**THE TASK:**
Go to the line below that has "Close-up of wedding rings on red petal", print it and each line after it exactly, and stop after the line that has "Cartoon turkey running"; leave out pictures.

**RECORDS PROVIDED:**
*****

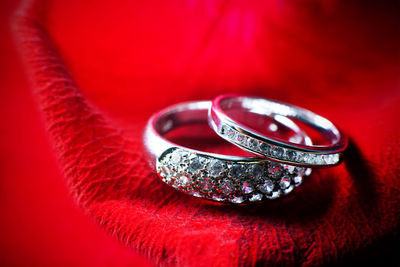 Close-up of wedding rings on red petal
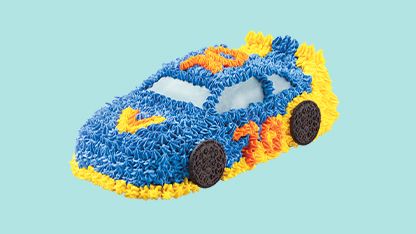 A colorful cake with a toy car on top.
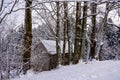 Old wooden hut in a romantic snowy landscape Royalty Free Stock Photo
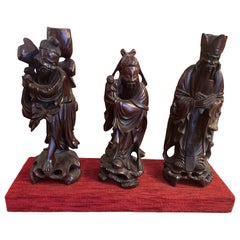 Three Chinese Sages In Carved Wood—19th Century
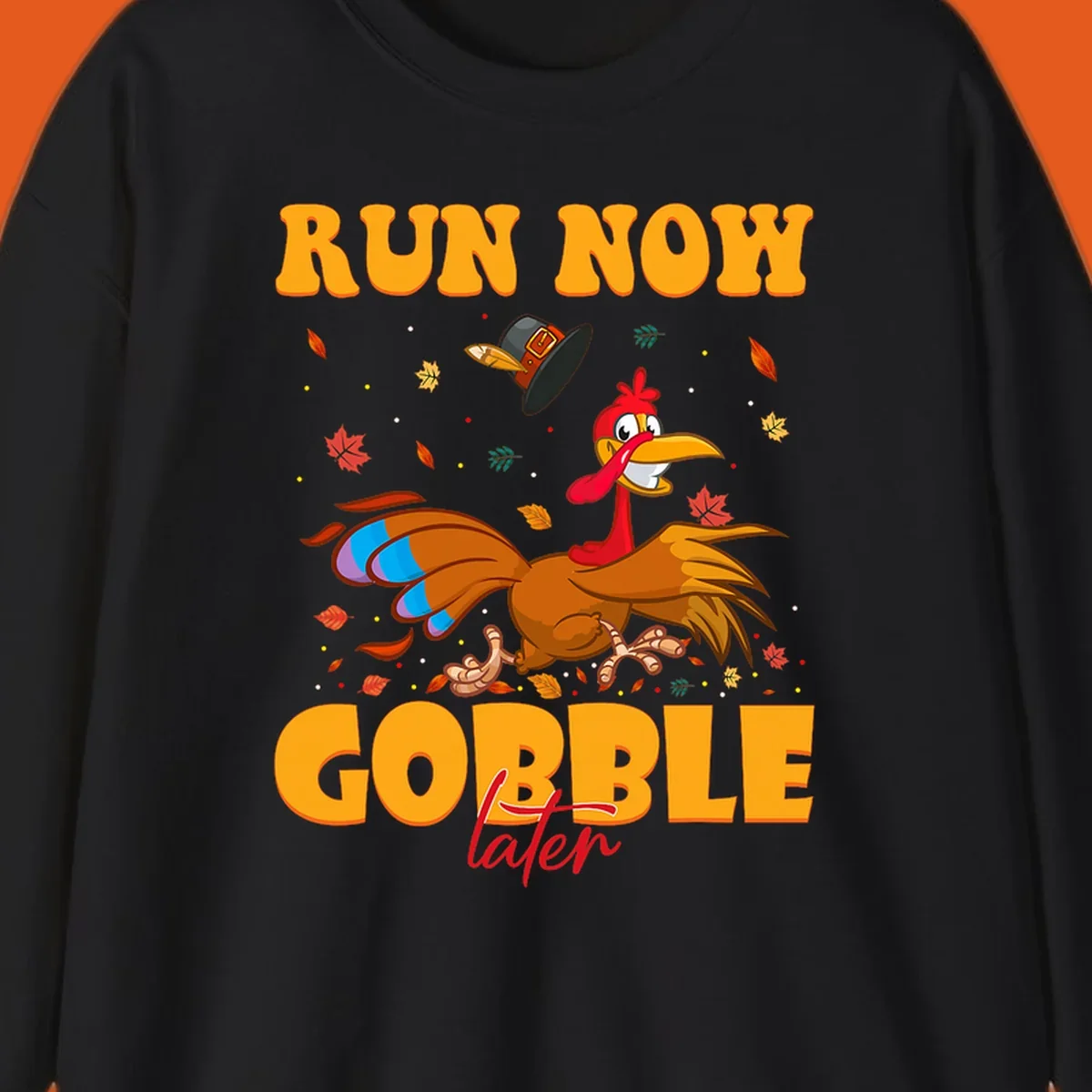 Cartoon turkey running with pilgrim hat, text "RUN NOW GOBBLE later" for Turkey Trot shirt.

*****

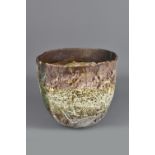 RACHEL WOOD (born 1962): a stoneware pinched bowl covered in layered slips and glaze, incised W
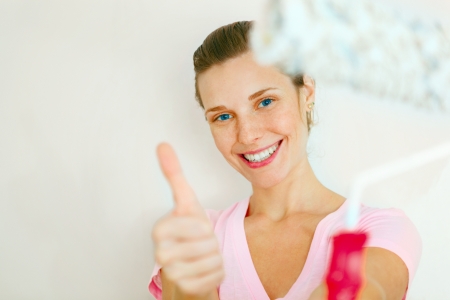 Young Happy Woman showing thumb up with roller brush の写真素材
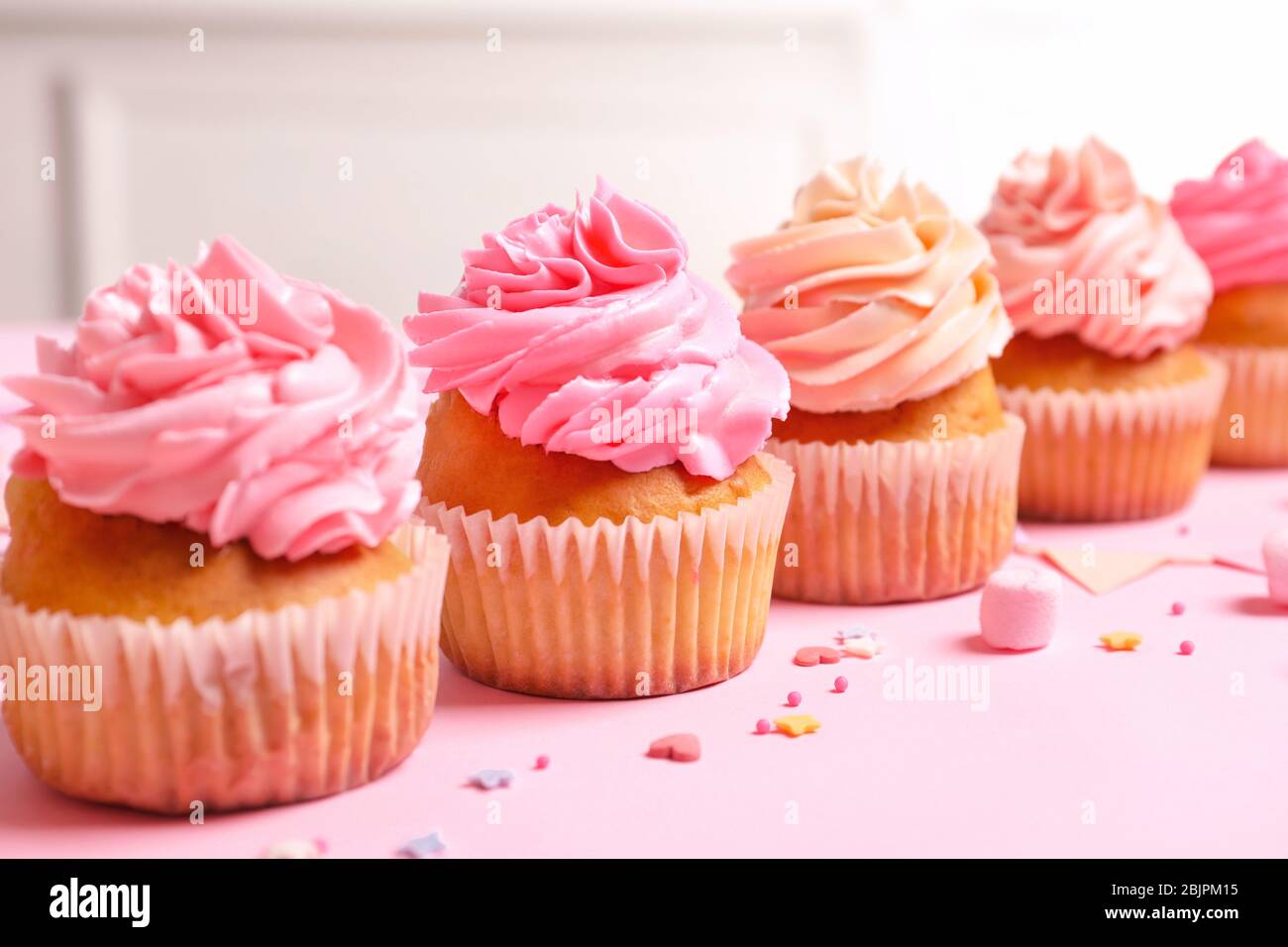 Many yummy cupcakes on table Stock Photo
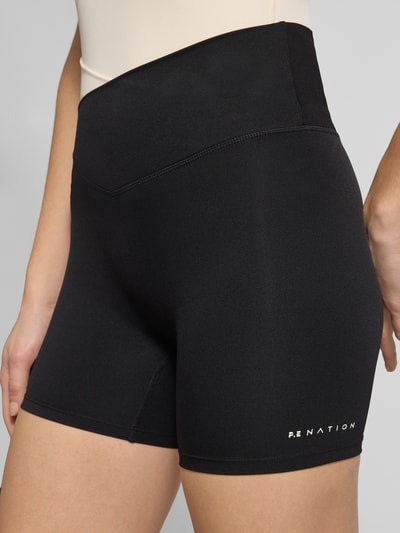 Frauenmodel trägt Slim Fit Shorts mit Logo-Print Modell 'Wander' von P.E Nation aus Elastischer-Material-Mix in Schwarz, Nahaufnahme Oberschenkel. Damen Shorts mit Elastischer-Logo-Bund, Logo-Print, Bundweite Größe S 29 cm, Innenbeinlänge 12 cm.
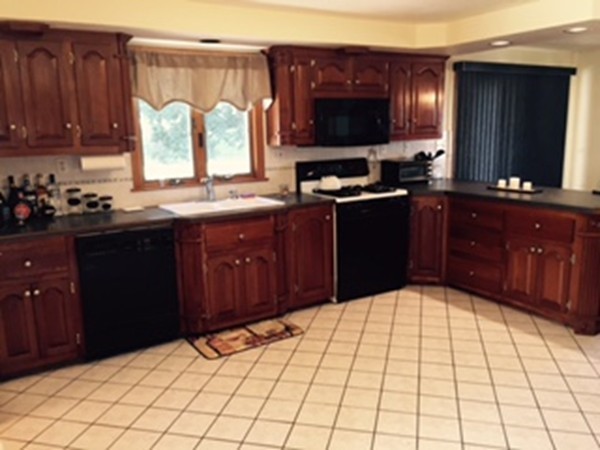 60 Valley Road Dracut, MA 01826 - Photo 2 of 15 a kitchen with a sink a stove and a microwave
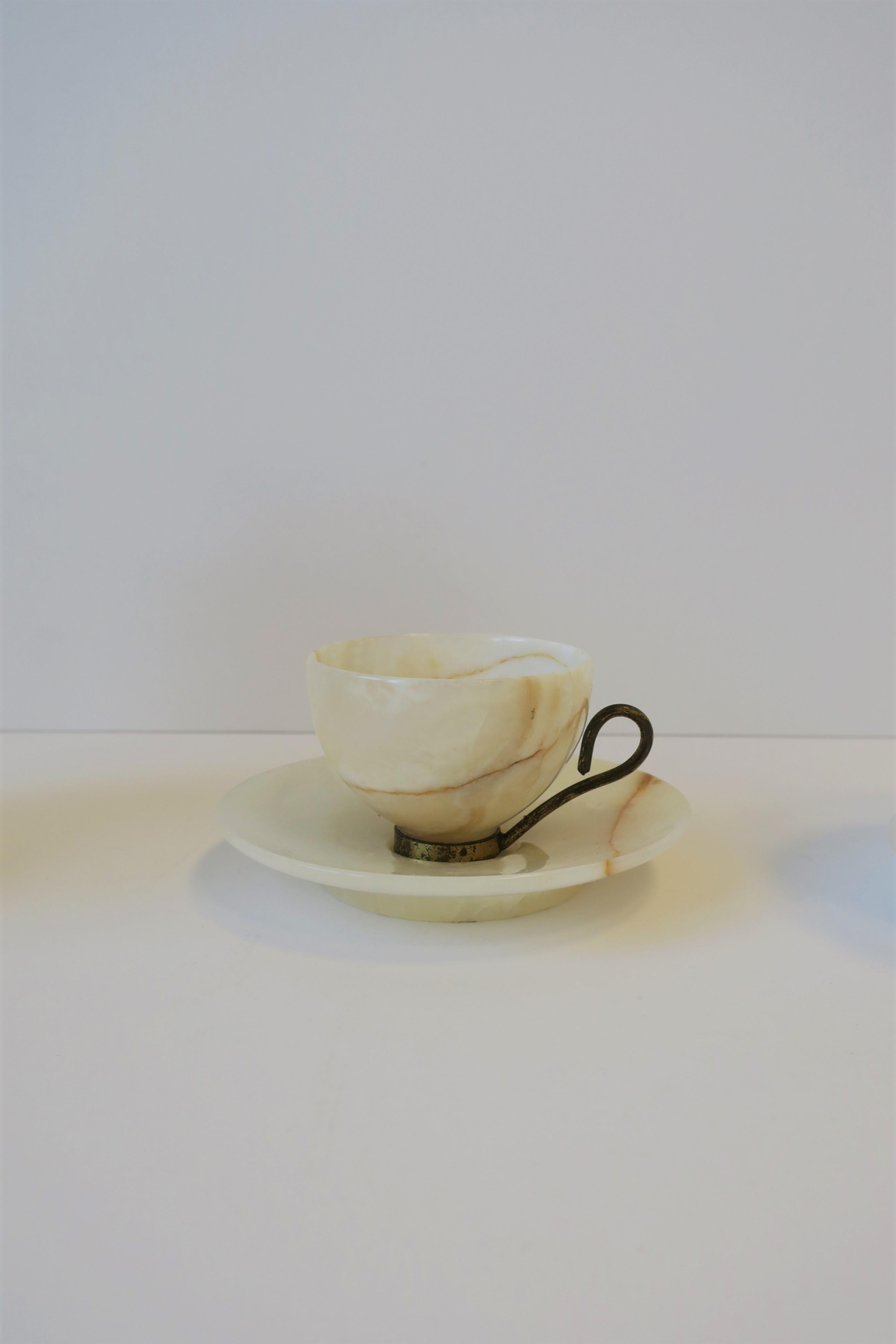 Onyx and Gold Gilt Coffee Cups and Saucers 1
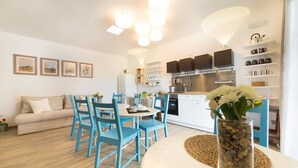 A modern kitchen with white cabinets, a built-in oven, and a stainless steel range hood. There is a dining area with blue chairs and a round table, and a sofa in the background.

*****

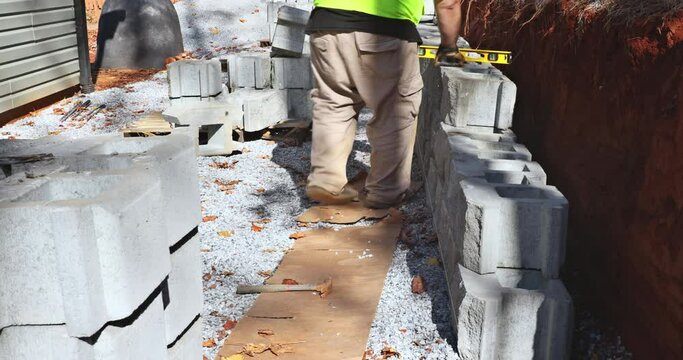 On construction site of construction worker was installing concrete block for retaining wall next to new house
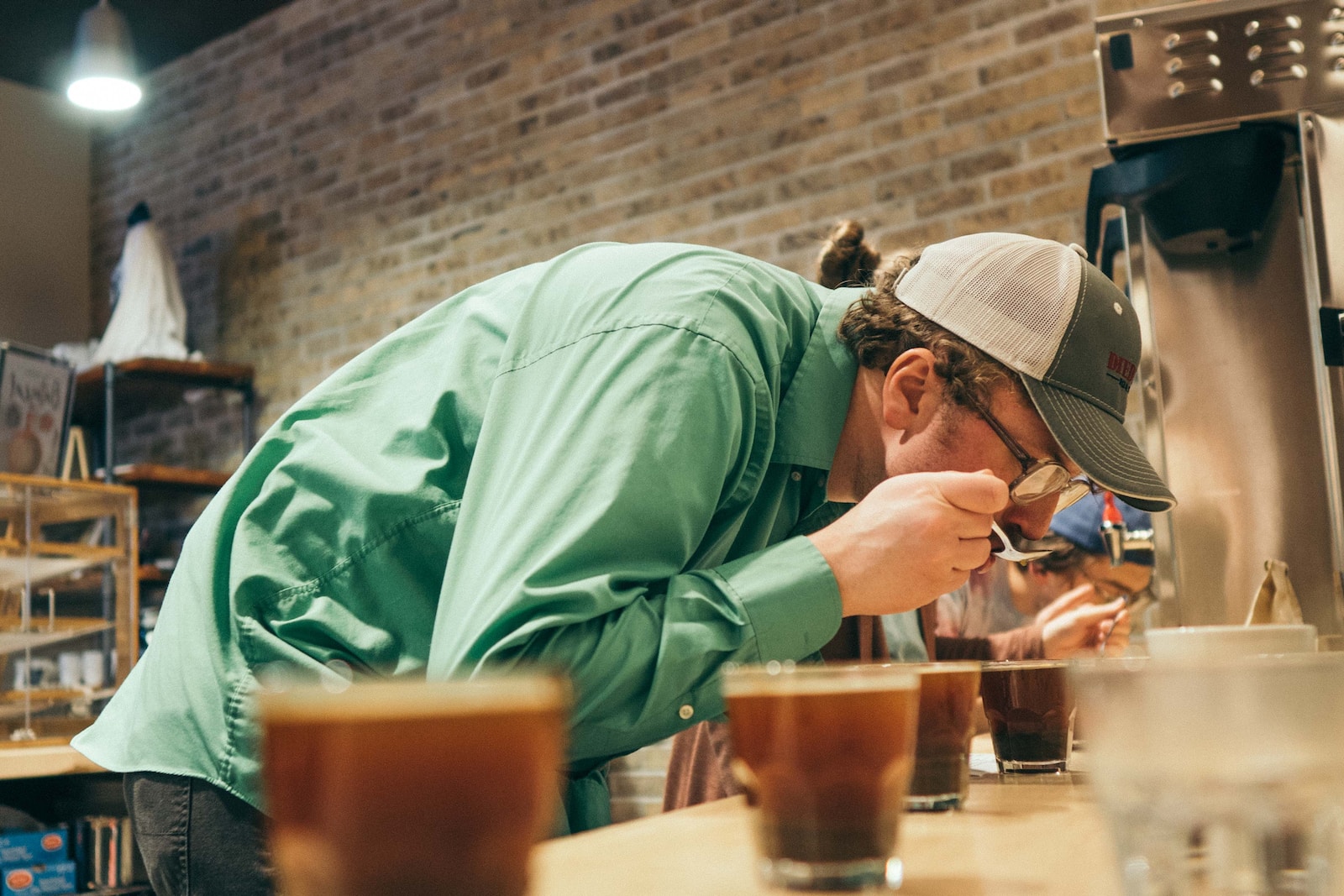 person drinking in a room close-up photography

*****

**SOLUTION TO THE EXERCISE:**
 Close-up of wedding rings on red petal
 A colorful cake with a toy car on top.
 Old wooden hut in a romantic snowy landscape Royalty Free Stock Photo
 Three Chinese Sages In Carved Wood—19th Century
 Cartoon turkey running with pilgrim hat, text "RUN NOW GOBBLE later" for Turkey Trot shirt.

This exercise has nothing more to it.